Power  /  Explainer

A 'Hamilton'-esque Scandal Helped Give Trump his Cudgel

On the origins of the Insurrection Act, which allows the president to call on federal troops and state militias to put down insurrections.

President Donald Trump pledged Monday to use the Insurrection Act of 1807 to deploy United States armed forces against protesters who have taken to the streets after the killing of George Floyd and the long history of racialized police violence against African Americans.

The way in which Trump made this announcement -- against the backdrop of tear gas and militaristic action taken against protesters on his doorstep exercising their First Amendment rights -- is itself a manifestation of unprecedented use of presidential power.

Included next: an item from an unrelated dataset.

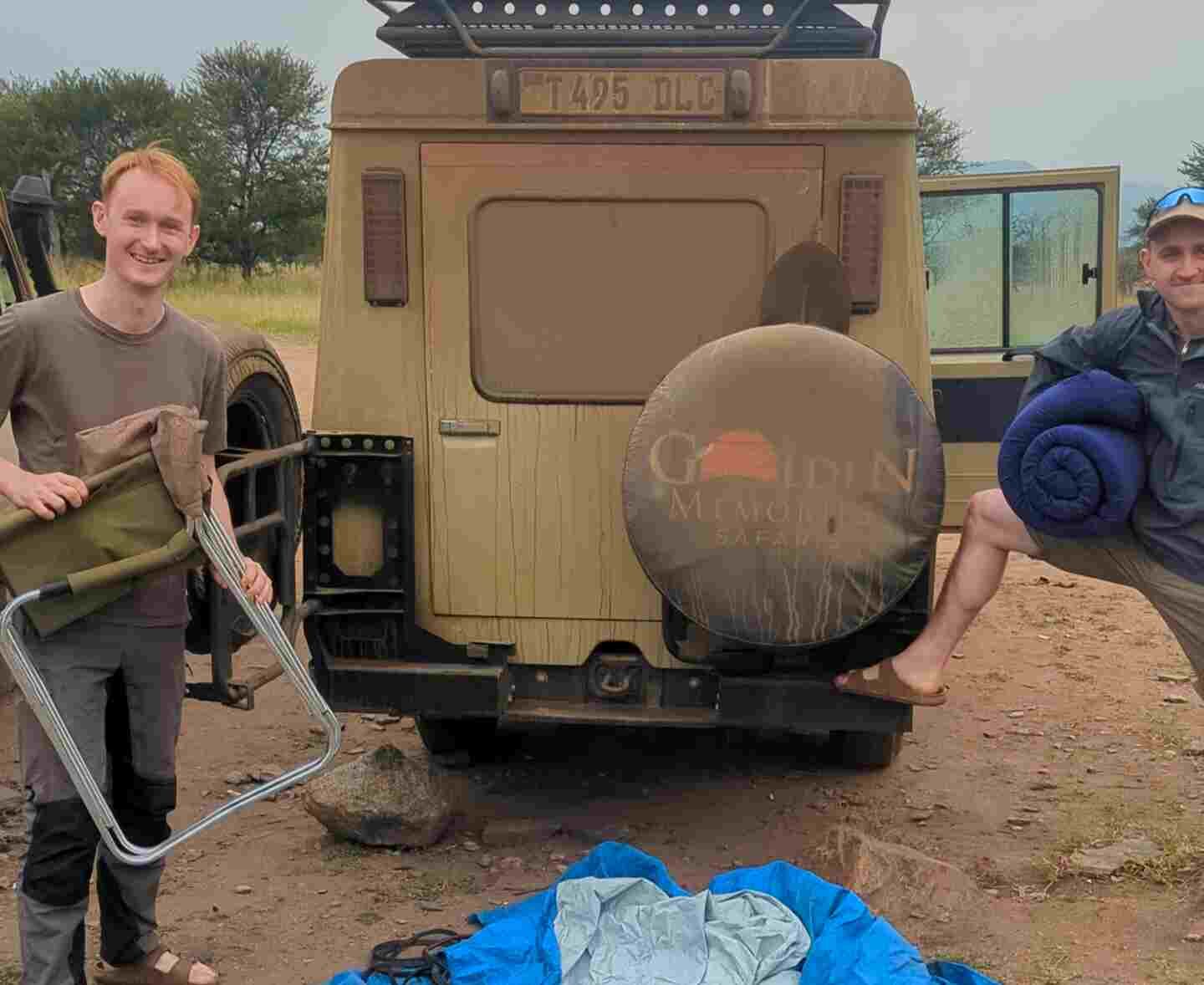 Budget safari campsite setup in Tanzania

From a historical perspective, the act, which aimed to provide the mechanism for the federal government to quell an insurrection, is (along with its later amendments) one of the earliest and most significant accumulations of presidential power, dating back to the first years of the republic. But especially since the end of the Civil War, presidents have largely avoided invoking the act.

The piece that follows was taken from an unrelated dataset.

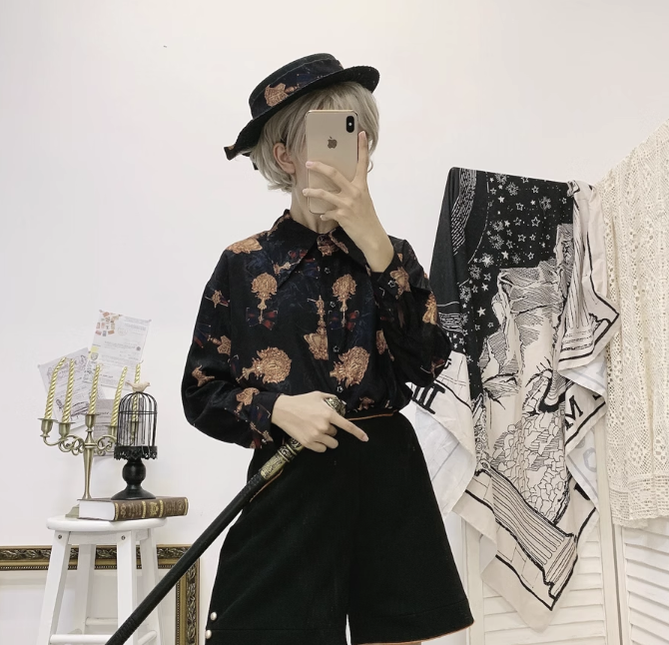 Princess Chronicles - Arms of Glory - Retro Ouji Lolita Prince Black Flat Bonnet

Since the 19th century, the United States has faced its fair share of crises. History teaches that presidents have treated the Insurrection Act with the greatest restraint, perhaps in keeping with what the late Justice Antonin Scalia described in Hamdi v. Rumsfeld as, "the Founders' general mistrust of military power permanently at the Executive's disposal."

Of course, if we have learned anything in the past few years, it is that President Trump does not consider himself beholden to most traditions of presidential behavior. If he does array federal military forces against the American people for asserting their First Amendment rights, President Trump will imperil, if not destroy, the historic relationship between the presidency and the people. He will have made a national enemy out of the American people.

Like so much early United States law, the British Empire provided the precedent: the Riot Act. When colonists rioted -- and they frequently did -- law enforcement officials could read them the Riot Act before calling on the colonial militia to help restore order. The US Constitution gave the federal government limited enumerated powers while granting the states a far wider range of authority -- including using their militias to contain insurrections. At the Constitutional Convention, the framers repeatedly expressed fears of a centralized, standing federal army. Ultimately, in Article I the framers gave Congress the power "To provide for calling forth the militia to execute the laws of the union, suppress insurrections and repel invasions."

In 1792, with the country embroiled in wars with Native Americans, Congress used that power and President George Washington signed the Militia Act or Calling Forth Act. The 1792 law specified that in cases of insurrection, the president could command the state militia -- the National Guard didn't exist yet -- to act if a state requested it. In cases of obstruction of the law, the president could act only if a federal judge explained that the resistance was "too powerful to be suppressed by the ordinary course of judicial proceedings."